The Netherlands is a country well known to people from all over the world, and not just because of our beautiful tulips or national football team.
The Netherlands is renowned for its high quality of education. For that reason every year, thousands of students from all over the world flock to the Netherlands for their studies.
Many international students have already enjoyed the multi-national culture and tolerance of the Dutch, which is one of the main reasons for people to visit this small country.
Throughout the centuries, the Dutch have benefited from the arrival of immigrants, coming from all over the world and enriching Dutch culture. This is visible in the city of Amsterdam, where people, of whom more than 50% are of non-Dutch origin, are living together peacefully.
The Dutch are very internationally oriented. As a result, you can find many different types of cuisine in the Netherlands, from Italian and Greek, to African or Thai. Some of these international foods have become immensely popular in the Netherlands, such as Turkish shoarma or Vietnamese spring rolls.

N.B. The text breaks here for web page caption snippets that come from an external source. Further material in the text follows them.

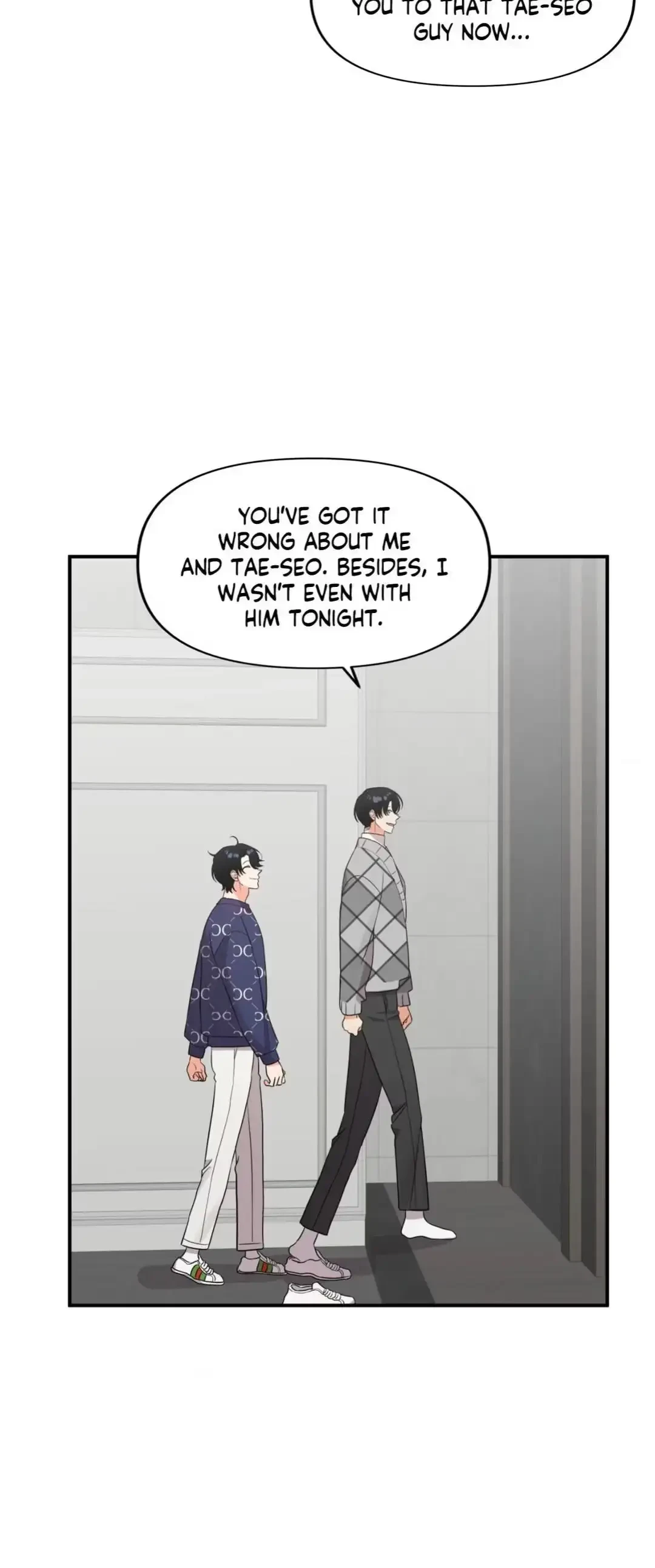 Chapter 66, page 5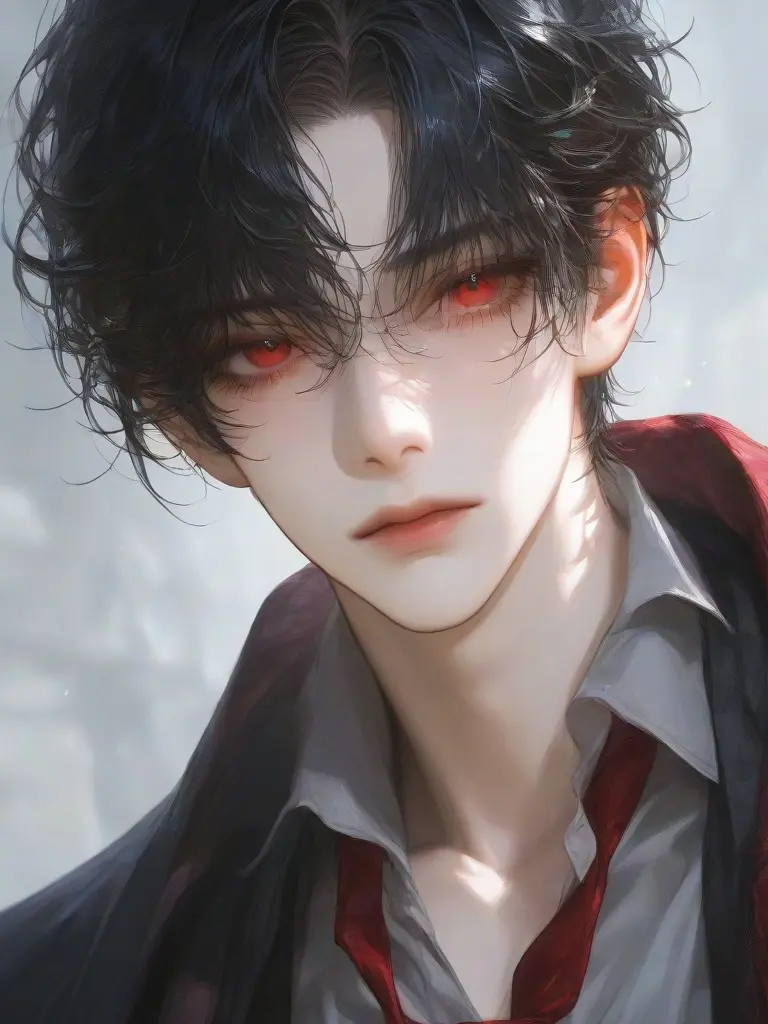 jhkps의 에레보스 아카데미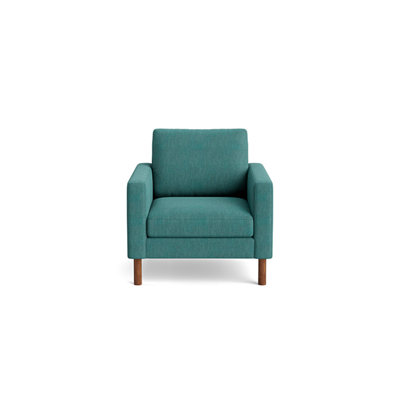 Laguna Chair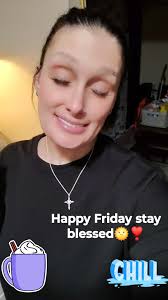 Discover Your Cozy Vibes This Holiday Season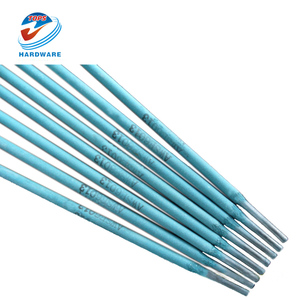 27 + năm Nhà cung cấp các loại khác nhau của que hàn/Hàn điện cực - Product Image 4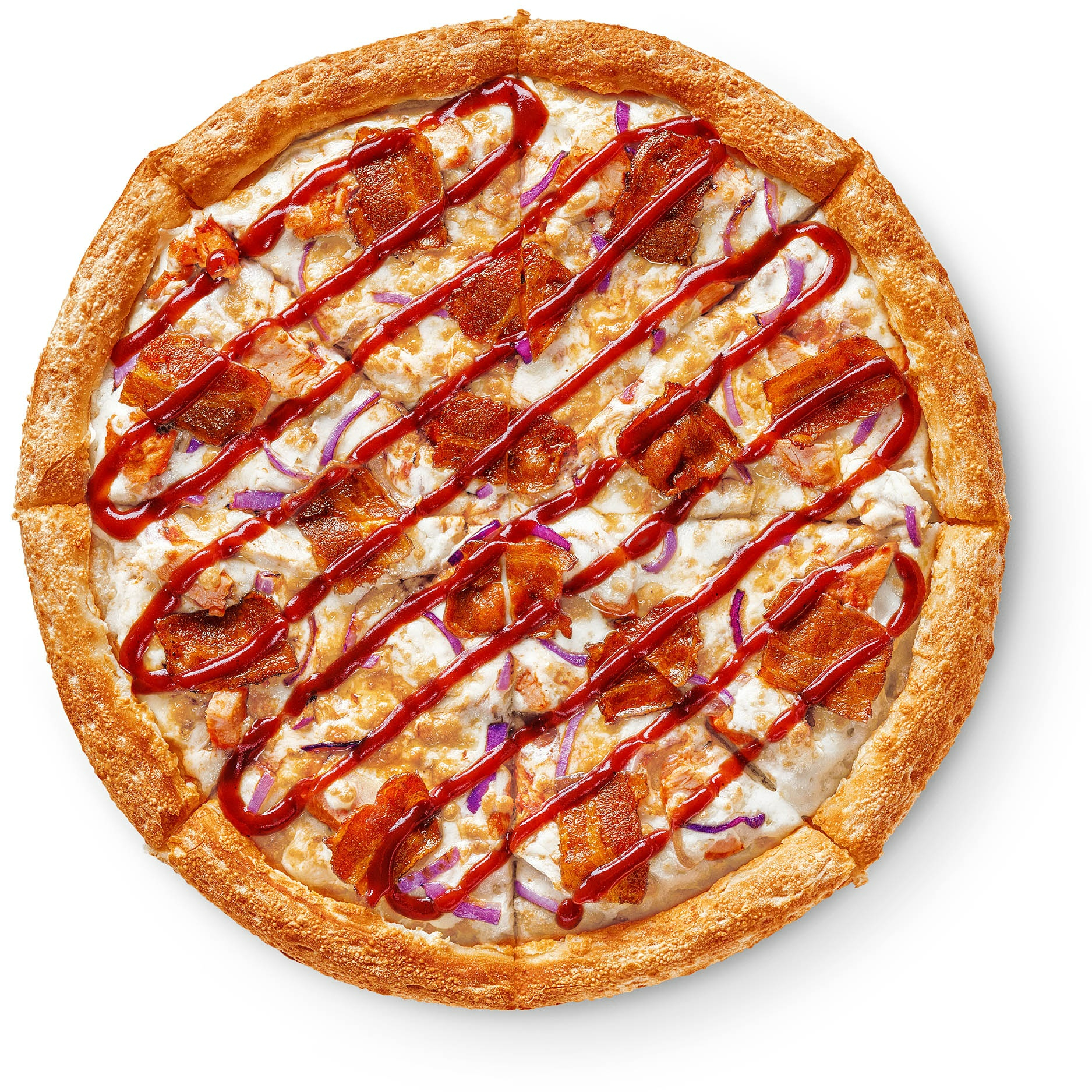 https://syds.liberuservices.com/uploads/pizza/3796ed40e8ba236d85079702ebe6dd9f.png
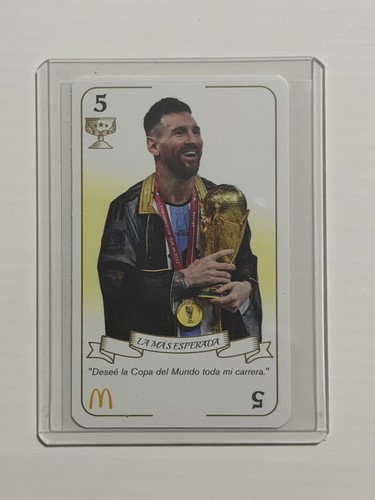 Lionel messi argentina 2024 - messi,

When going out to a restaurant with the Dutch, you should keep in mind that us ‘Dutchies’ are very pragmatic. So don’t be surprised if you are asked to go out for a meal, but everyone is expected to pay for themselves. This habit is very common and is known, even internationally, as “going Dutch”.
Dutch people are very friendly and tolerant; however, they tend to keep to themselves initially, and often keep their distance from strangers. If they do not know you yet, they won’t immediately come over to talk to you. However, once you have started a conversation and they get to know you, they are very friendly and helpful.
Time is not a fluid concept for the Dutch, but rather something fixed. Therefore, being on time is very important to them.
When you have an appointment, please remember to be on time. If for any reason you cannot make it on time, you have to inform them, preferably in advance. ‘Dutchies’ also prefer that you arrange to meet them in advance, or else you might be turned away. Or, if you decide to spontaneously drop by, the Dutch person might be too polite to say, but could see this as being rude. You should also remember that many Dutch people work part-time, so you might find an empty office if you don’t make an appointment.
These are some things to keep in mind when trying to meet up with Dutch people. And don’t get upset if you can’t get an appointment at short notice, some Dutch often plan months ahead!
Family is very important to the Dutch. That’s why they often go straight home to their families after work.
In general, the Dutch are not used to taking their work home. Home is reserved for family, and when off the clock, they do not want to be disturbed by work. So if you want to talk about work, appointments should be made during office hours.
On the whole, Dutch people are not used to inviting strangers into their homes. So if you are invited to visit a Dutch family, see this as a compliment!
Dutch culture is very open and tolerant. For example, it is very normal for Dutch couples to live together before getting married, or even to just live as partners and never get married. Moreover, gay and lesbian couples are officially recognised and have the right to marry and adopt children.
Students are stimulated to be active in class - they are free, or even encouraged, to pose questions and to start a discussion with the teacher. Both teachers and students dress very casually . In the summer, you often see students or even teachers wearing shorts at school. Don’t be surprised to see teachers sitting on the desk whilst giving their lectures either.
In general, Dutch people are friendly, but at the same time they can be very straightforward and frank, some people would even say blunt. This could give some people the feeling of losing face, which is especially the case for Asian cultures. Please remember that it is not done on purpose or to hurt people, but it is rather a form of honesty and truthfulness, which is very strongly rooted in Dutch culture.